Cordray: CFPB Boosted Credit Union Mortgage Lending
Richard Cordray, Director of the Consumer Financial Protection Bureau (CFPB), has engaged in some self-congratulatory accolades in a speech highlighting the credit union industry’s recent increase in mortgage originations.
Speaking today before a Washington, D.C., conference hosted by the National Association of Federal Credit Unions, Cordray insisted that the CFPB’s rules and guidelines to prevent a reprise of the 2008 crisis proved to be beneficial for credit union mortgage origination.
“Our first set of mortgage rules have been in place for over two and a half years, and we are seeing great progress,” Cordray said. “In 2014, the first year of our Ability-to-Repay rule on mortgage origination, owner-occupied home purchase mortgages increased by 4 percent, according to HMDA data, and growth was even stronger last year: home purchase mortgages increased by an estimated 13 percent to 14 percent. And it is notable that credit unions are thriving, with their share of mortgage lending actually growing. In fact, credit unions originated 39 percent more home purchase mortgages in the first nine months of 2015 than they did for the same period of 2014, according to recent data.”
Although Cordray repeated previous assurances that he did not hold credit unions responsible for the 2008 financial meltdown, he nonetheless insisted that these institutions should be grateful for the regulatory burden that the CFPB placed upon them.
“Many credit unions have focused on the compliance burdens of the new rules,” he continued. “But they have overlooked the positive benefits of the rules. A safer mortgage market that does not allow ‘no-doc’ loans, or loans that can be underwritten over misleading teaser rates, is a market that presents more favorable ground for responsible lenders like credit unions. When bad practices are rooted out, good practices are able to thrive, freed from the unfair competition of a race to the bottom.
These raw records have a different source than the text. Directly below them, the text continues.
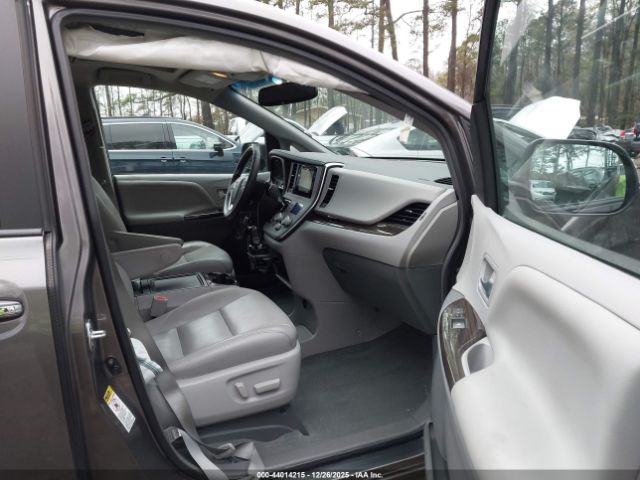2016 TOYOTA SIENNA 5TDYK3DC3GS741334 Photo 4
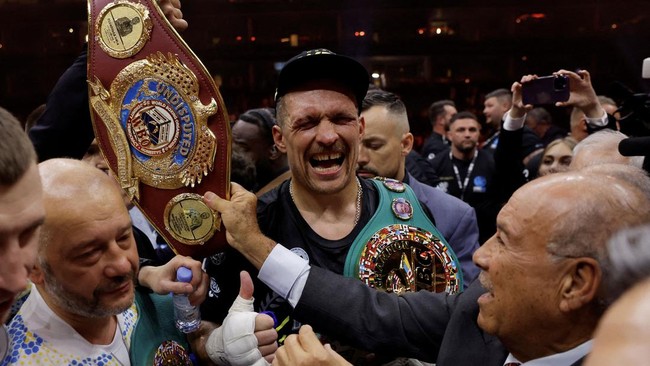 Satu Duel Lagi Setelah Lawan Dubois, Usyk Bakal Pensiun Petinju kelas berat Oleksandr Usyk mengisyaratkan bakal gantung sarung tinju setelah menuntaskan dua laga terakhir.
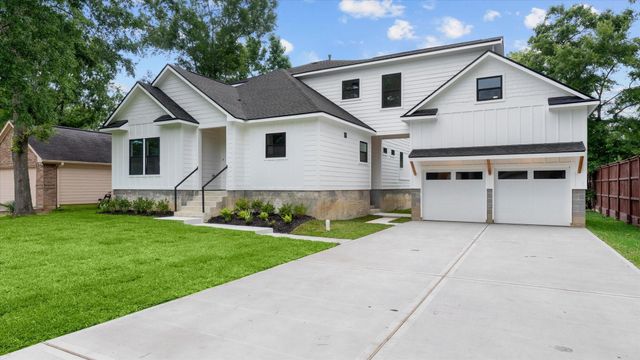 10802 Fairview Drive, Conroe, TX 77385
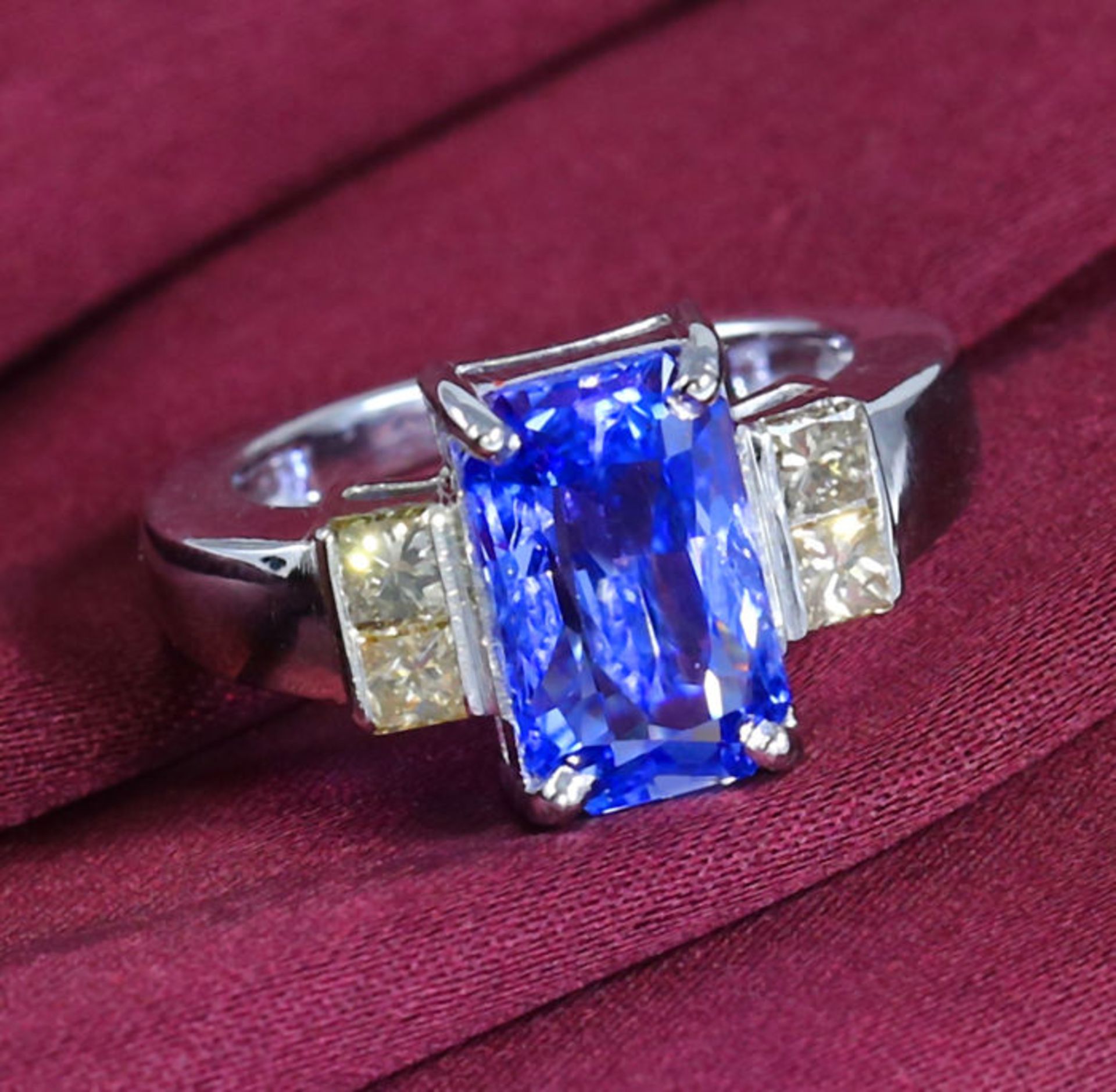 14 K Very Exclusive Designer White Gold Blue Sapphire (GIA Certified) and Diamond Ring - Image 3 of 10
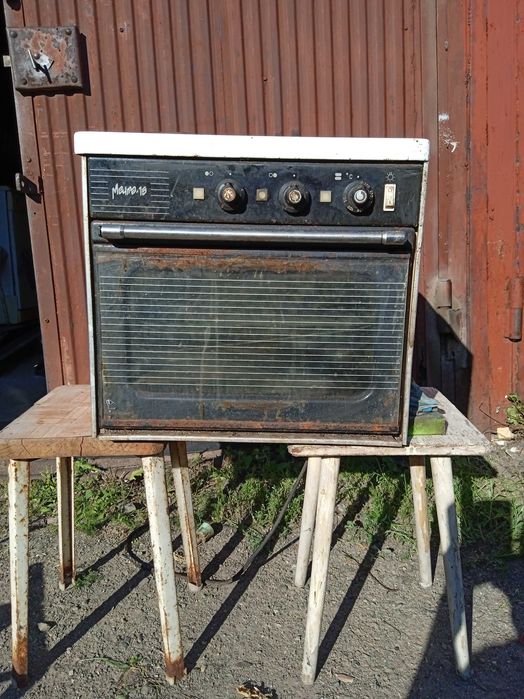 Продам электрическую плиту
That is exactly what has happened for credit unions over the past two years. In addition, as the Consumer Bureau is building out a vigorous supervision program over non-bank mortgage lenders and mortgage servicers, you are being put on a level playing field with your competitors for the first time ever.”
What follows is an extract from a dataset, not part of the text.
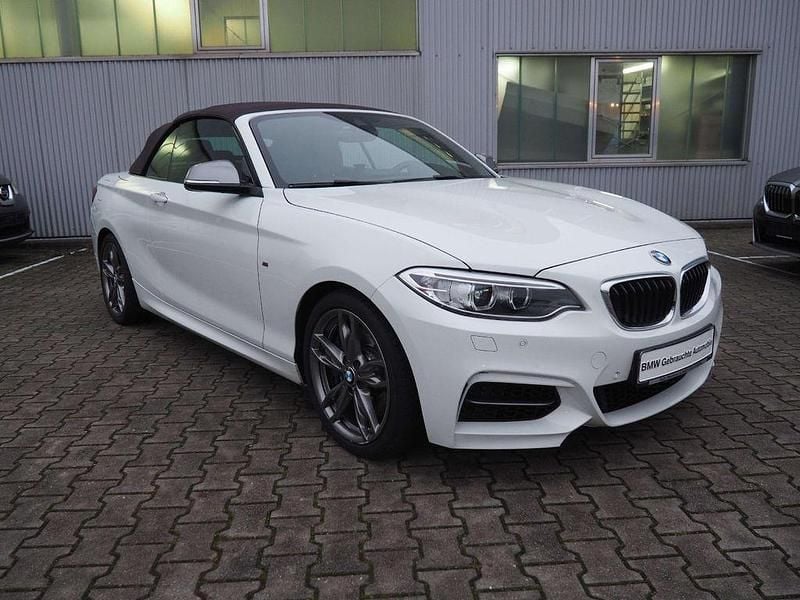 Gebraucht BMW M235 Sport Line 326 PS (239 kW) 2016 Alpinweiß Cabrio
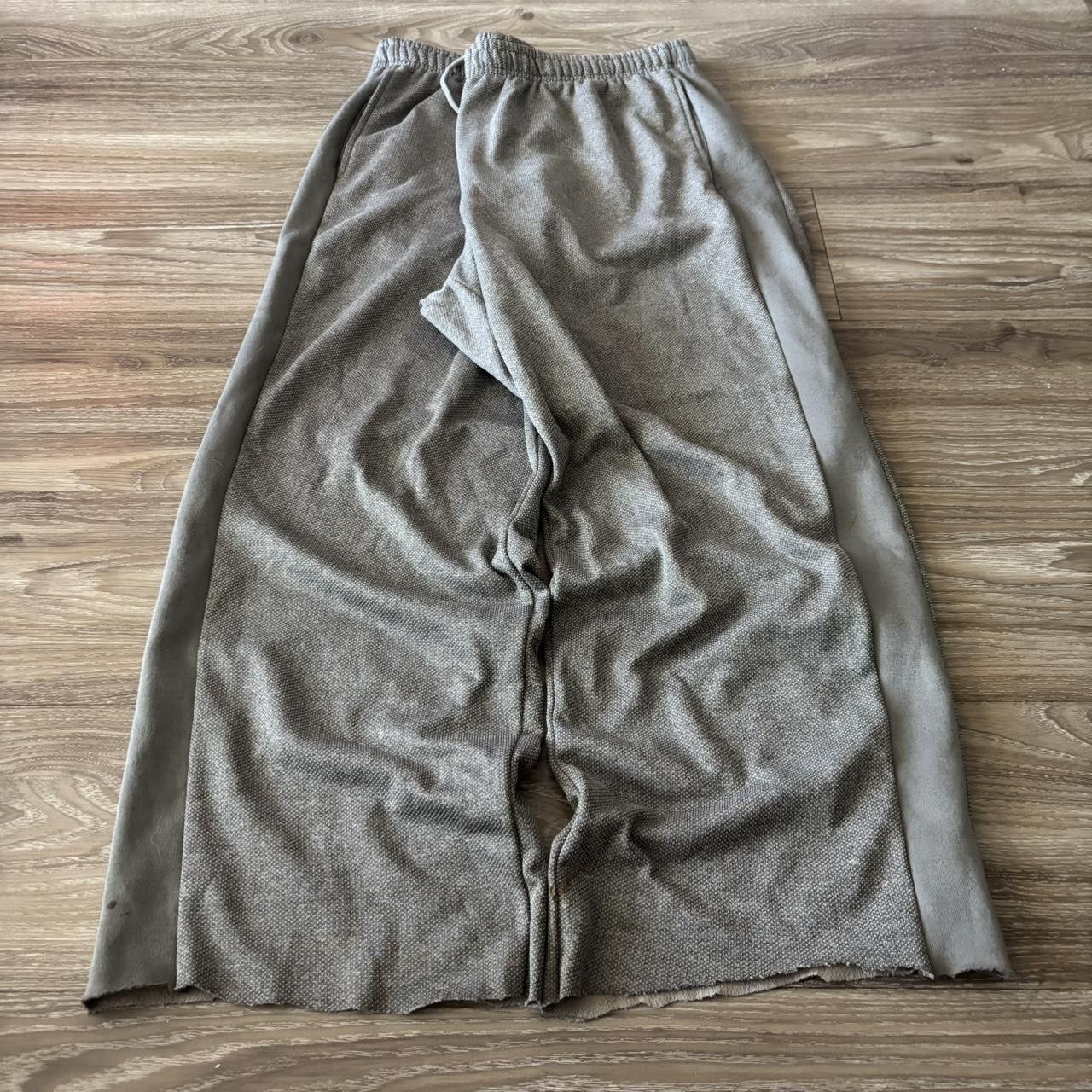 Japanese Brand Crazy Vintage Y2K/2000s Baggy Beige Grey Skater Style Essential Sweatpants! Fits L Size US 36 / EU 52 - 3 Thumbnail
Cordray also acknowledged the input from credit unions for encouraging the CFPB to redefine “small creditor” and “rural area,” which he insisted was also good news for credit unions.
“We raised the loan origination limit for small-creditor status for first-lien mortgage loans from 500 to 2,000 per year, and we stopped counting loans held in portfolio by smaller creditors and their affiliates toward the limit,” he said. “Under the new rule, our small creditor provisions now cover all but about 150 of the very largest credit unions.”